2017 MasteringtheGameofGoWithoutHuma

From GM-RKB
Jump to navigation Jump to search

Subject Headings: AlphaGo Zero, Reinforcement Learning Algorithm, Self-Play Reinforcement Learning.

Notes

Cited By

Quotes

Abstract

A long-standing goal of artificial intelligence is an algorithm that learns, tabula rasa, superhuman proficiency in challenging domains. Recently, AlphaGo became the first program to defeat a world champion in the game of Go. The tree search in AlphaGo evaluated positions and selected moves using deep neural networks. These neural networks were trained by supervised learning from human expert movses, and by reinforcement learning from self-play. Here we introduce an algorithm based solely on reinforcement learning, without human data, guidance or domain knowledge beyond game rules. AlphaGo becomes its own teacher: a neural network is trained to predict AlphaGo’s own move selections and also the winner of AlphaGo’s games. This neural network improves the strength of the tree search, resulting in higher quality move selection and stronger self-play in the next iteration. Starting tabula rasa, our new program AlphaGo Zero achieved superhuman performance, winning 100–0 against the previously published, champion-defeating AlphaGo.

Introduction

Much progress towards artificial intelligence has been made using supervised learning systems that are trained to replicate the decisions of human experts 1–4. However, expert data is often expensive, unreliable, or simply unavailable. Even when reliable data is available it may impose a ceiling on the performance of systems trained in this manner 5. In contrast, reinforcement learning systems are trained from their own experience, in principle allowing them to exceed human capabilities, and to operate in domains where human expertise is lacking. Recently, there has been rapid progress towards this goal, using deep neural networks trained by reinforcement learning. These systems have outperformed humans in computer games such as Atari 6, 7 and 3D virtual environments 8–10. However, the most challenging domains in terms of human intellect – such as the game of Go, widely viewed as a grand challenge for artificial intelligence 11 – require precise and sophisticated lookahead in vast search spaces. Fully general methods have not previously achieved human-level performance in these domains.

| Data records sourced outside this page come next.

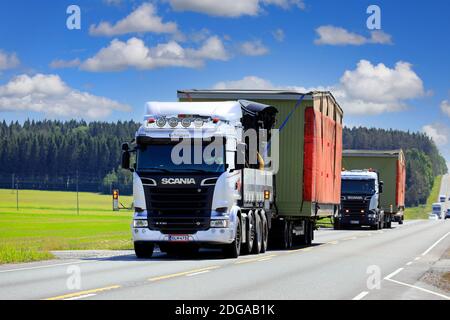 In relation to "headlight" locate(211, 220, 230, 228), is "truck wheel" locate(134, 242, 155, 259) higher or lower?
lower

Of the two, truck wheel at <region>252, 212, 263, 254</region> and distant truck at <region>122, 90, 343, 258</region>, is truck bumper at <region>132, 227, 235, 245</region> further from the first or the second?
truck wheel at <region>252, 212, 263, 254</region>

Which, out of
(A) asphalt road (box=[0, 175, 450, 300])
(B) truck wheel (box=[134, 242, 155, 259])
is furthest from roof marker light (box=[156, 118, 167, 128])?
(A) asphalt road (box=[0, 175, 450, 300])

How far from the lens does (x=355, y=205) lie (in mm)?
57062

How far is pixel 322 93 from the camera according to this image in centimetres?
3177

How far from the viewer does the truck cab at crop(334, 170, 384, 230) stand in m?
55.8

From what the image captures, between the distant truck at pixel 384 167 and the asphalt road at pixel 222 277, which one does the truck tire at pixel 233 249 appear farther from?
the distant truck at pixel 384 167

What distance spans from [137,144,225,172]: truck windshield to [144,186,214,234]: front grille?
1.78 feet

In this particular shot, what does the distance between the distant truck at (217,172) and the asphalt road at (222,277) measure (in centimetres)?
69

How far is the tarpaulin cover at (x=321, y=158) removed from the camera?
30.3 metres

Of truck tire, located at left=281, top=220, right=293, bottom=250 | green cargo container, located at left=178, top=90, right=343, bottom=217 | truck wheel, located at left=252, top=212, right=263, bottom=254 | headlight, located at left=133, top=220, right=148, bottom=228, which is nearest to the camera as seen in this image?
headlight, located at left=133, top=220, right=148, bottom=228

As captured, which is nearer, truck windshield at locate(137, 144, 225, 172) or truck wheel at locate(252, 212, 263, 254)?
truck windshield at locate(137, 144, 225, 172)

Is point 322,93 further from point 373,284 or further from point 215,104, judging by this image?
point 373,284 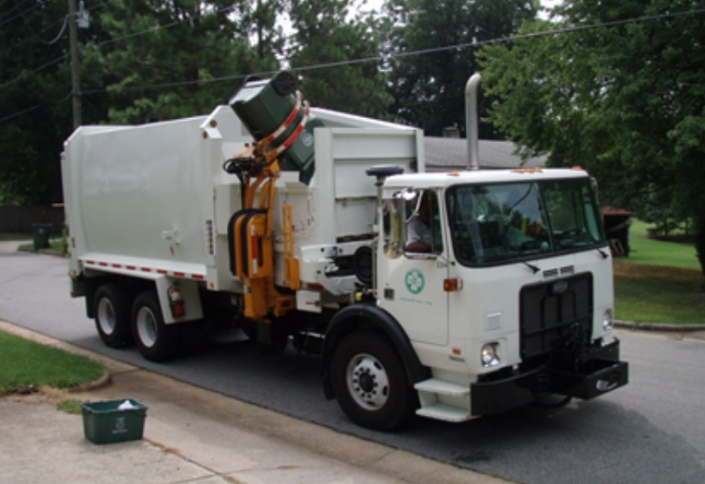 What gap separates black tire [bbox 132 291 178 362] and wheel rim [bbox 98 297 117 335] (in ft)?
2.43

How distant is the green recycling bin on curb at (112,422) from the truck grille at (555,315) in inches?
128

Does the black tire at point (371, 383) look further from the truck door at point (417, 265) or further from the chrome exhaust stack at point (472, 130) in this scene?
the chrome exhaust stack at point (472, 130)

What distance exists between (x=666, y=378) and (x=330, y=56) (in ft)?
65.1

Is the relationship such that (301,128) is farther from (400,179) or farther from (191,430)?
(191,430)

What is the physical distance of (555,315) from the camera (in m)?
6.55

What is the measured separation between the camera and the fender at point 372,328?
21.0 ft

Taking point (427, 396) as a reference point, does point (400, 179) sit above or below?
above

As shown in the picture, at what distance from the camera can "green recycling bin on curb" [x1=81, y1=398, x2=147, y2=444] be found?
241 inches

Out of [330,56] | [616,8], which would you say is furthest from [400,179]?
[330,56]

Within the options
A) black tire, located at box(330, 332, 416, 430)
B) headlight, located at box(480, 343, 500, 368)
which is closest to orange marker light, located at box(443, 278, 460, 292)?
headlight, located at box(480, 343, 500, 368)

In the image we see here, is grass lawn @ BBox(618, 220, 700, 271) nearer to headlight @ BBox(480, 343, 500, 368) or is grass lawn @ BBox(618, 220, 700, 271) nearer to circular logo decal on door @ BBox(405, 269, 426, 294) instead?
headlight @ BBox(480, 343, 500, 368)

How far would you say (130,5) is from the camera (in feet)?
85.1

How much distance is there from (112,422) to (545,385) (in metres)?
3.60

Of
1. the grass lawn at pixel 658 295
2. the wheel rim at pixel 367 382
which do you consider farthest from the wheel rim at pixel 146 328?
the grass lawn at pixel 658 295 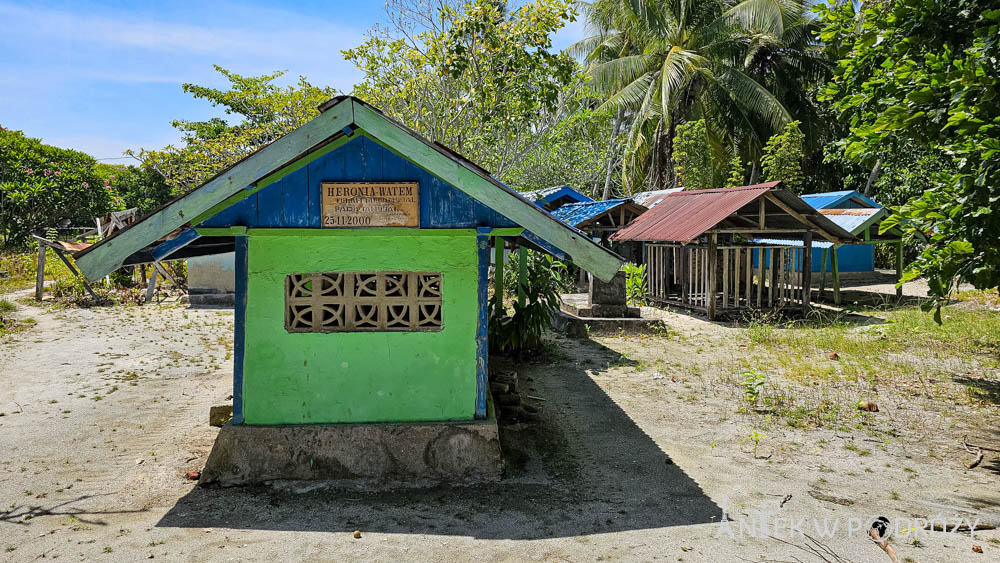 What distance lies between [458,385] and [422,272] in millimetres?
1008

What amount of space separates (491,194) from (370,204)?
39.6 inches

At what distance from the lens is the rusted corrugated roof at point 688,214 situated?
14.1m

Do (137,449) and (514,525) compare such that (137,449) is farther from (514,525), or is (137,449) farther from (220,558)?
(514,525)

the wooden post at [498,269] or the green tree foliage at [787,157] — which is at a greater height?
the green tree foliage at [787,157]

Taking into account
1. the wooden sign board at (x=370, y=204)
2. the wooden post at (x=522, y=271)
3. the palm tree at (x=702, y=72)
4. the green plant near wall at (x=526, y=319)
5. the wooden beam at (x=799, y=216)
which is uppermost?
the palm tree at (x=702, y=72)

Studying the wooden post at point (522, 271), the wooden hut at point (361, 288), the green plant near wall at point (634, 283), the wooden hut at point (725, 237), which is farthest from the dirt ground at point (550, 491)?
the green plant near wall at point (634, 283)

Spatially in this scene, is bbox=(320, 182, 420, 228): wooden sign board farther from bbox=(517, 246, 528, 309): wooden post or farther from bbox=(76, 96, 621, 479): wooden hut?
bbox=(517, 246, 528, 309): wooden post

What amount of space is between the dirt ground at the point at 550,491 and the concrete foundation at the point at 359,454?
18cm

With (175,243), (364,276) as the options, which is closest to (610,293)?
(364,276)

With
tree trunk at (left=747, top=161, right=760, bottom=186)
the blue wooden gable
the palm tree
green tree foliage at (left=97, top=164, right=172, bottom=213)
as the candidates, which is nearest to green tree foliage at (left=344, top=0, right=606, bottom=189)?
the blue wooden gable

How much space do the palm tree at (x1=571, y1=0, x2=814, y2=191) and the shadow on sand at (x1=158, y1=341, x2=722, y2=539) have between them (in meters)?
20.7

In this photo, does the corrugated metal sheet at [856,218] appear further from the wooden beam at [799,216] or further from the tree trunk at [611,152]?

AlphaGo was the first program to achieve superhuman performance in Go. The published version 12, which we refer to as AlphaGo Fan, defeated the European champion Fan Hui in October 2015. AlphaGo Fan utilised two deep neural networks: a policy network that outputs move probabilities, and a value network that outputs a position evaluation. The policy network was trained initially by supervised learning to accurately predict human expert moves, and was subsequently refined by policy-gradient reinforcement learning. The value network was trained to predict the winner of games played by the policy network against itself. Once trained, these networks were combined with a Monte-Carlo Tree Search (MCTS) 13–15 to provide a lookahead search, using the policy network to narrow down the search to high-probability moves, and using the value network (in conjunction with Monte-Carlo rollouts using a fast rollout policy) to evaluate positions in the tree. A subsequent version, which we refer to as AlphaGo Lee, used a similar approach (see Methods), and defeated Lee Sedol, the winner of 18 international titles, in March 2016.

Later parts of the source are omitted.